Gray Matter: Finding Water Where It’s Least Expected
SHARE
Hot oil

Flash Fried

Hot oil may release water hidden in dry starchy foods, such as mung bean noodles and shrimp chips, converting it to steam and causing them to puff up.

Water hides itself really well. Its molecules can form weak chemical bonds with many substances, allowing it to remain concealed within their crystal structures. There’s no sign of water’s presence—no dampness, no softness, no anything—until something triggers its release.

Quite a few rocks and minerals contain water, but you would never know it from looking at them. Turquoise, for example, is made up of copper and aluminum phosphates. Remarkably, for every copper atom in turquoise, there are four water molecules. Heat it enough and this water can be driven out, discoloring the stone.

The difference between water merely soaked into a material, such as cloth, and water that is chemically bound lies in how finely separated a material’s molecules are. At the atomic level, a damp cloth contains pockets of trillions of water molecules held in place by fibers. But in turquoise, those molecules are distributed evenly around the phosphate units, individually bonded to the copper or aluminum atoms. Dioptase, a copper silicate with green crystals, similarly has water bonded to it, as does the mineral apophyllite, which flakes apart when heat releases its water.

I was recently introduced to a culinary curiosity that this phenomenon might explain: shrimp chips (also known by the Indonesian name krupuk). This snack starts out as solid, dry disks made from rice or cassava flour that look, feel, and taste like hard plastic. When my girlfriend first showed them to me, I assumed they were another one of the inedible healthy foods she routinely tries to get me to eat. But nothing could be further from the truth!
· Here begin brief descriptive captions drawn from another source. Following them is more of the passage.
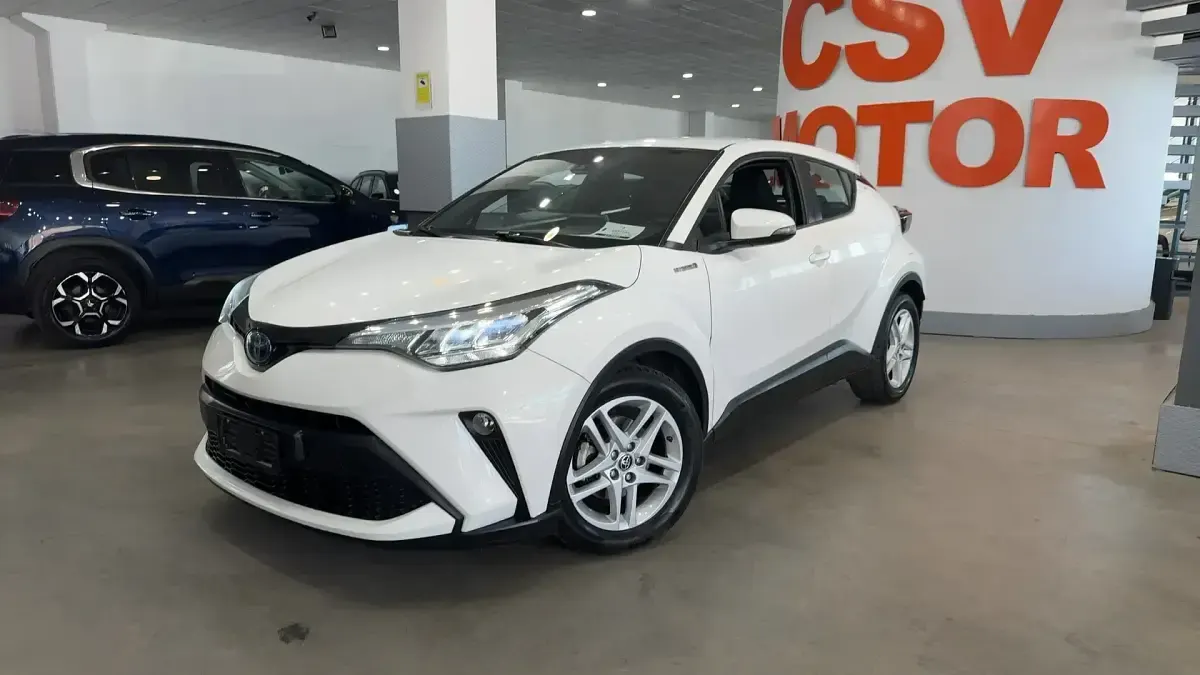 Usado Toyota C-HR Active 122 CV (89 kW) 2020 Blanco SUV
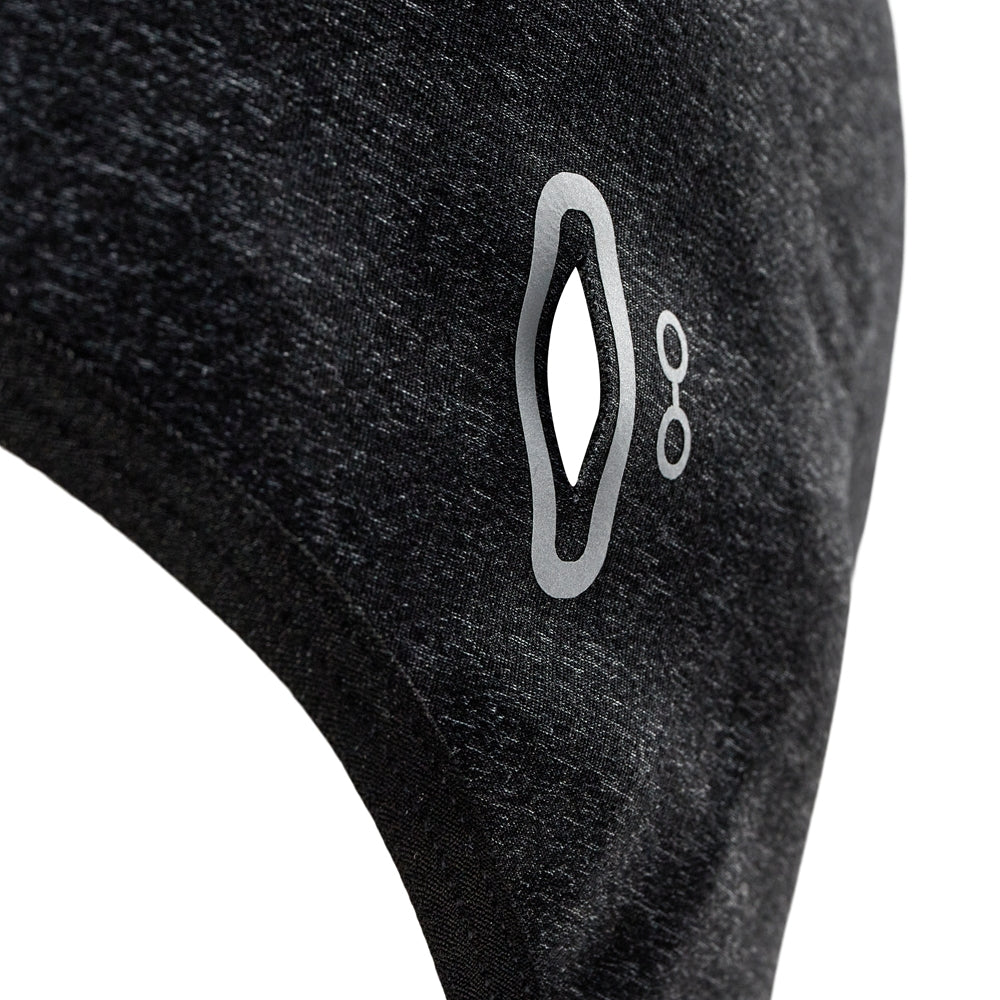 PÉVÈLO Insist Hjelmhue - herre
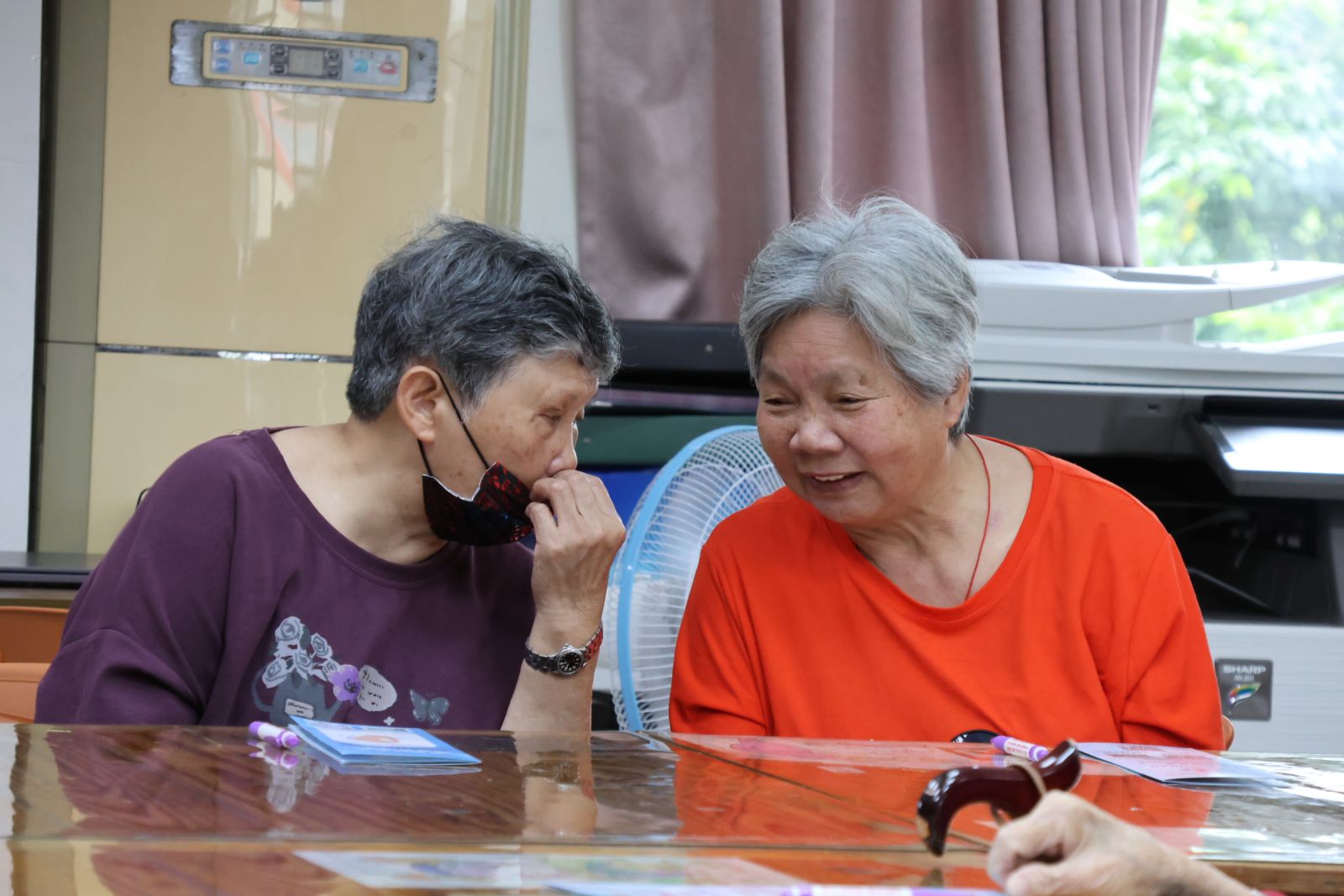 和朋友一起做運動、一起聊聊天，生活不無聊。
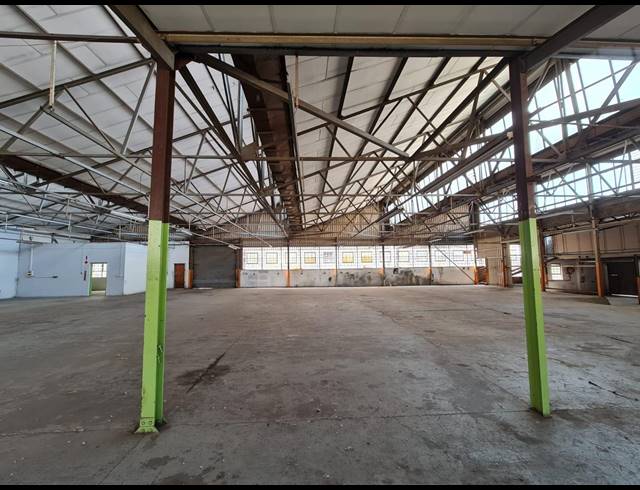 1,319M² WAREHOUSE TO LET IN BENROSE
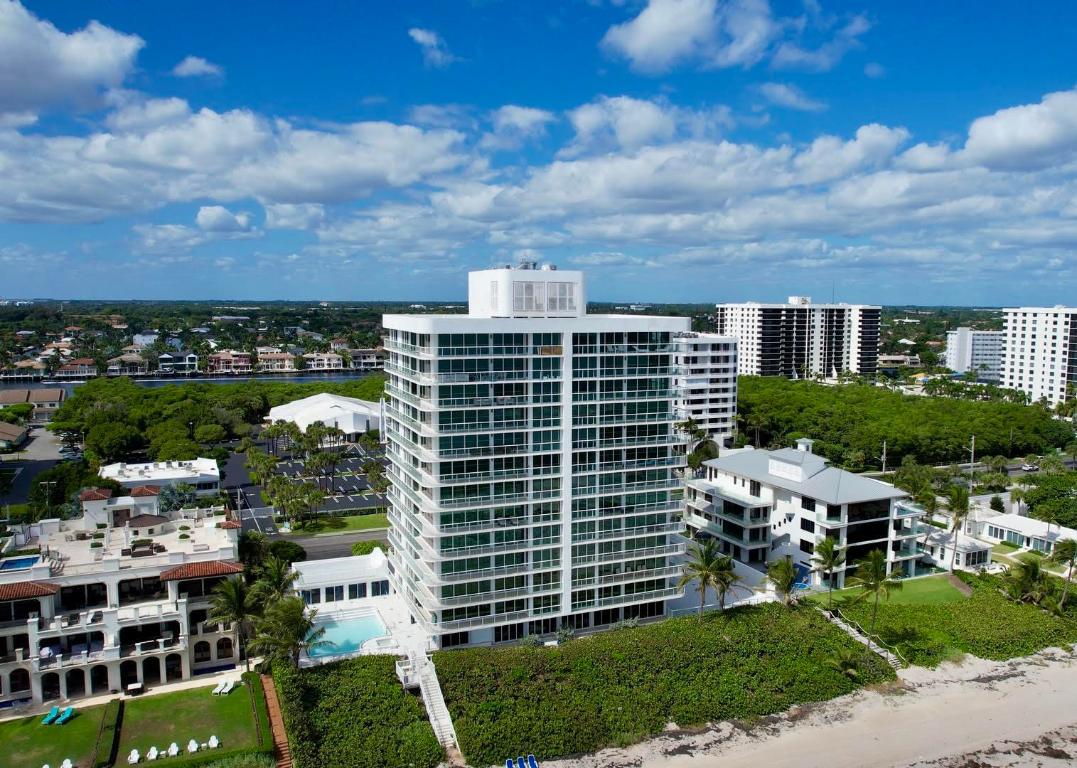 3505 S Ocean Boulevard 4s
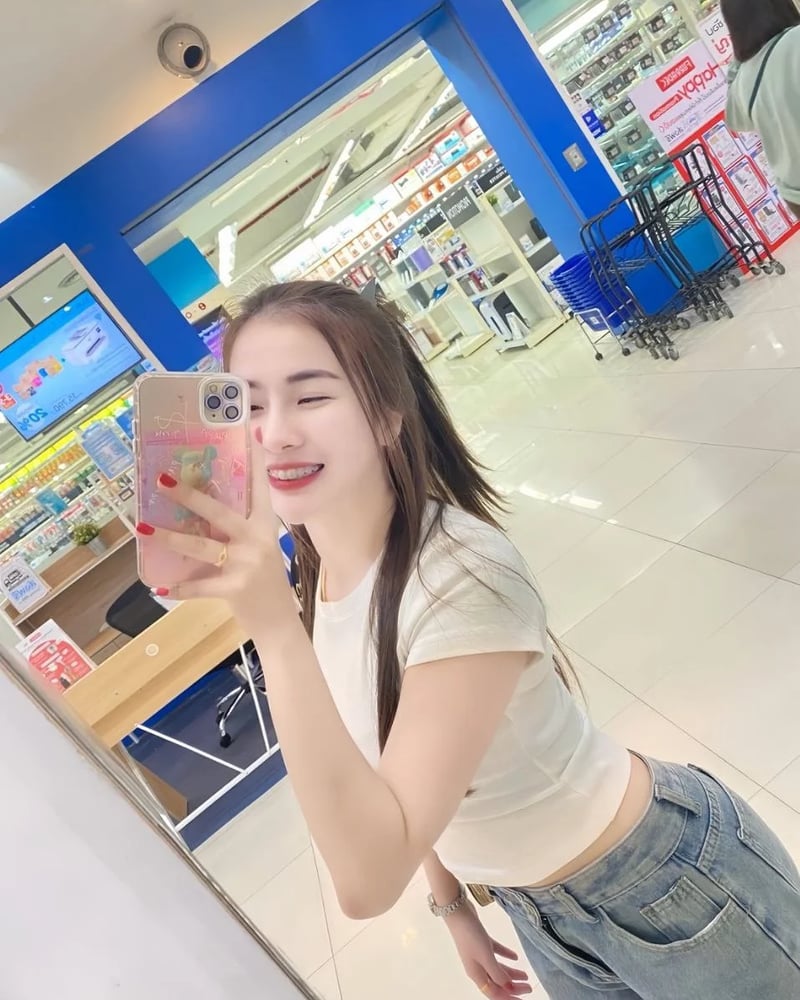 ภาพโปรไฟล์ของ โฟว์ - รูปที่ 5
When I dropped the disks into hot oil, they puffed up to 10 times their size. The heat may have freed the chips’ hidden water molecules and turned them instantly to steam. In one form or another, the water was there all along—waiting to turn dry starch into a deliciously unhealthy deep-fried indulgence.

Warning: Hot oil can burn you and easily catch fire. We used a glass container for photographic purposes only: This is not a safe way to deep-fry.